Brian Wilson once wrote a song called “I Just Wasn’t Made for These Times.” Like me, he always felt like he was on the outside looking in, that he belonged to another time, another place than the one into which he had been born. That the things he thought were important were lost on others, that they valued things he found abhorrent or worse, irrelevant. I too, have felt that way most of my life. Have always been a step or two behind my contemporaries. Have always felt like I didn’t belong to their world in some indefinable way. Because of this, and because I don’t really look my age, I have always tended to fall in with people younger than myself. And yet because of this age discrepancy my friends and I lack a shared frame of reference. Which ends up making me feel even further removed from it all. There often seem to be not just distances but chasms between us.

I have never been a trailblazer or an innovator, either, a trait that just seems to add to that sense of detachment, that remove I’ve always felt. I have always been a step behind in most everything, it seems—in discovering the music that’s so important to me, the bands, the atmosphere, the fashions, the scene. I’ve always found offbeat things long after they’ve become acceptable and safe. I have no avant-garde spirit, I guess. Have always been unwilling or unable to take risks others have found necessary for their very survival. I guess it’s because my sense of self has always been shaky; after all, you can’t blaze trails without an idea of where you’re going and why. I don’t know. All I know is things are moving too fast for me and people don’t seem to pay attention to much anymore except making sure they’re keeping up.

It seems to me lately that it’s not the message that’s important anymore, it’s the medium. But that’s not the technology’s fault—it never was. After all, you can’t blame television or the telephone or the fax machine for how we have chosen to conduct our lives. No, things have changed because we have allowed them to; we failed to see the danger, and have thus become slaves to the very technological advancements that were supposed to make our lives simpler and easier. And of course most of us didn’t even realize what we’d lost until it was too late: things like sit-down dinner with the family, Sunday gatherings with the relatives, lingering over a well-cooked meal and a bottle of wine and some good conversation. Tasting the food, appreciating the labor involved in growing and harvesting it, the time and effort involved in its preparation, the satisfaction derived from having time to truly enjoy the smell, taste and texture of what we’re eating. Taking pleasure in good company while sharing these blessings. The slower pace of life, the satisfaction of simple things. We’ve lost that and we’re not getting it back. Paying attention to the small things in life seems so, well, archaic in these days of instant messaging and keeping up with the tweets.

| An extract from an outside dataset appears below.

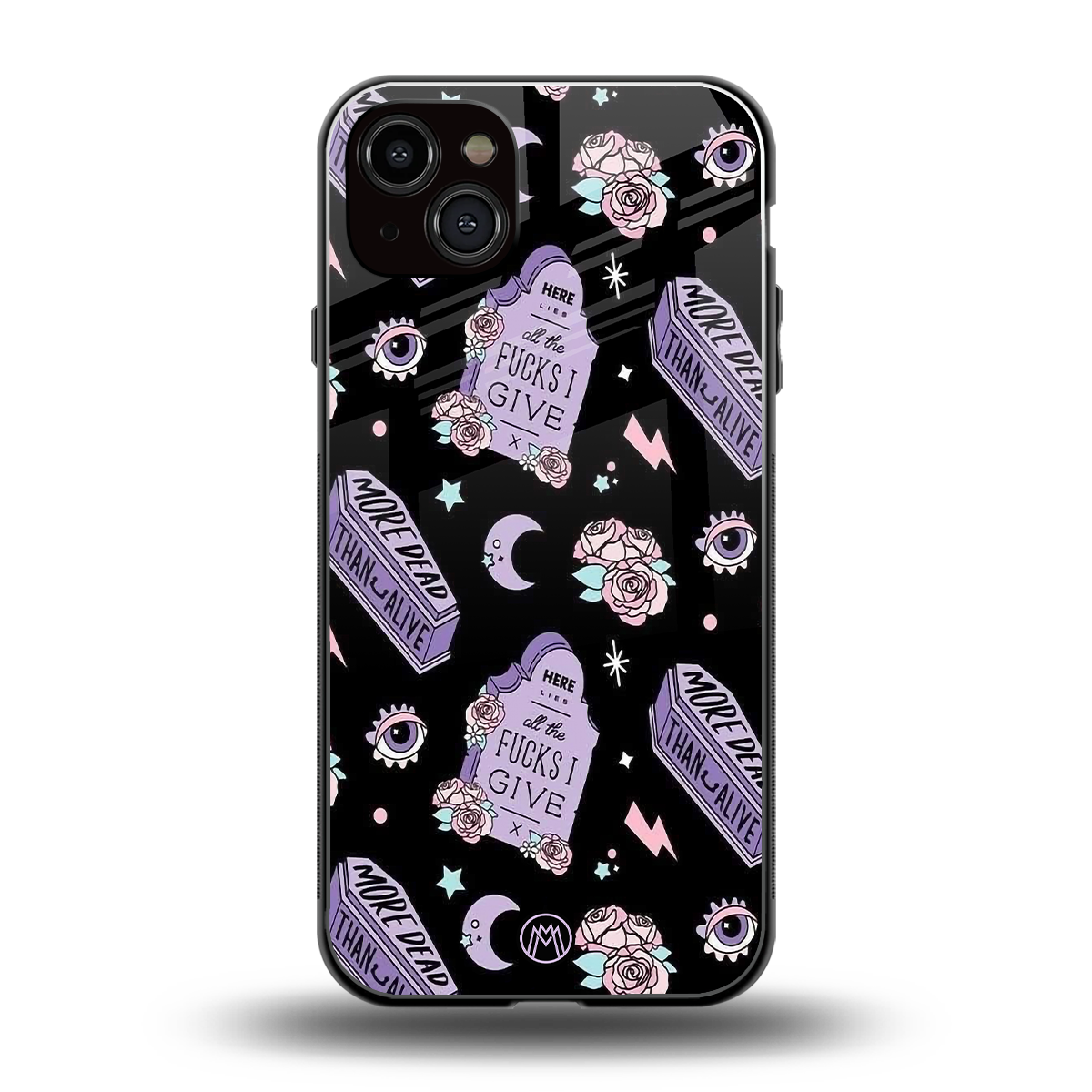 ghostly presence back phone cover | glass case for iphone 15 plus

I don’t know where all of this is leading, only that it has passed me by and I no longer have the energy to keep up with it all even if I wanted to. I guess in the end a large part of getting older is simply acceptance. Accepting my own faults and frailties, accepting myself for who and what I am. Accepting that events happen over which I have no control. Accepting there is nothing I can do about this. And most important of all, not wasting time and energy worrying about any of it.

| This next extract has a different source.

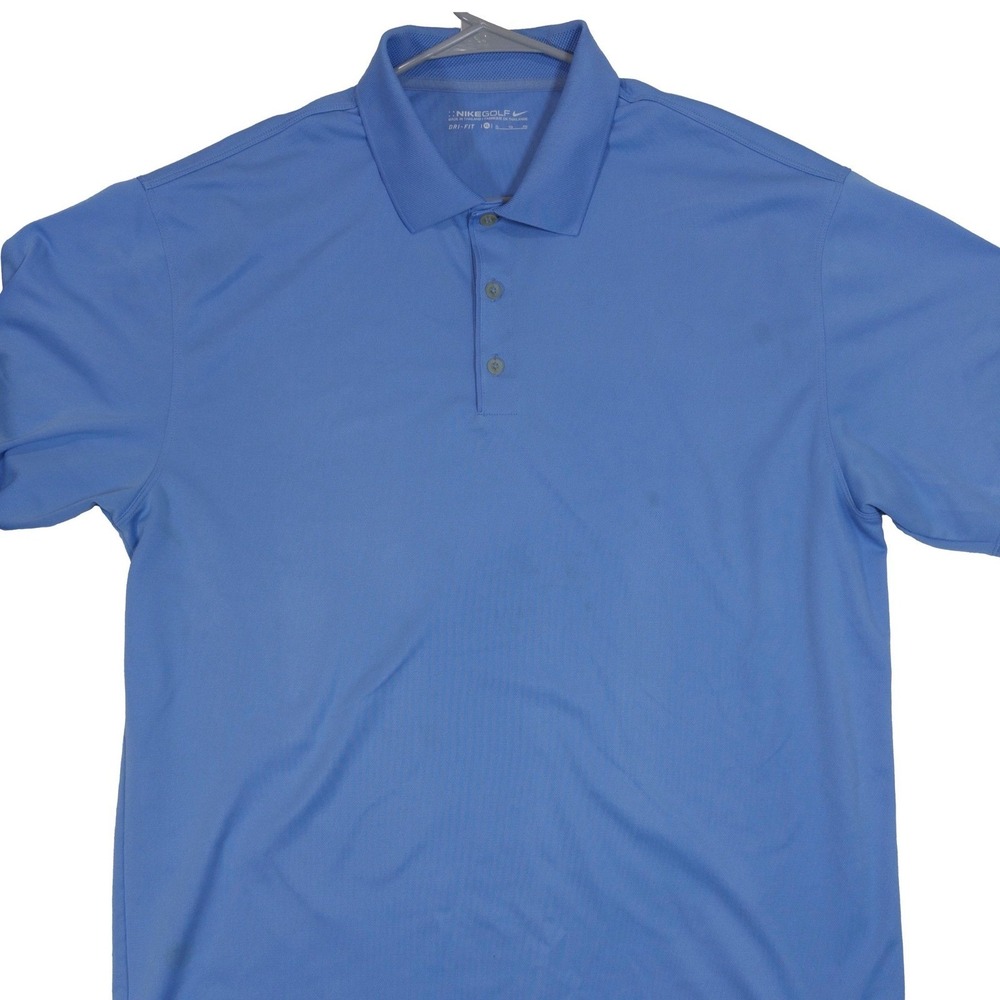 Nike Golf Polo Shirt XL Mens Dri-Fit Short Sleeve Performance Blue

So next week I draw nearer to the dreaded half-century mark. And as I do so, I become increasingly irrelevant to the world at large—or so it seems. (Assuming I was ever really relevant to begin with, which is an entirely different matter for another time.) I should be upset about this, I guess, and at one time in my life I suppose I would have been. But at my age, that’s just too much work.

2 comments:

  1. wow, i never woulld have guessed you were at the half century mark-i really thought you were my age which is 40 in less than a month. do not feel bad that you are not at the tech level--some days it's nice just to be silent. i will admit i have an iphone and love it b/c of what i have access too but at the same time-peace is lovely. happy birthday ahead of time too btw! and you are by far not irrelevant!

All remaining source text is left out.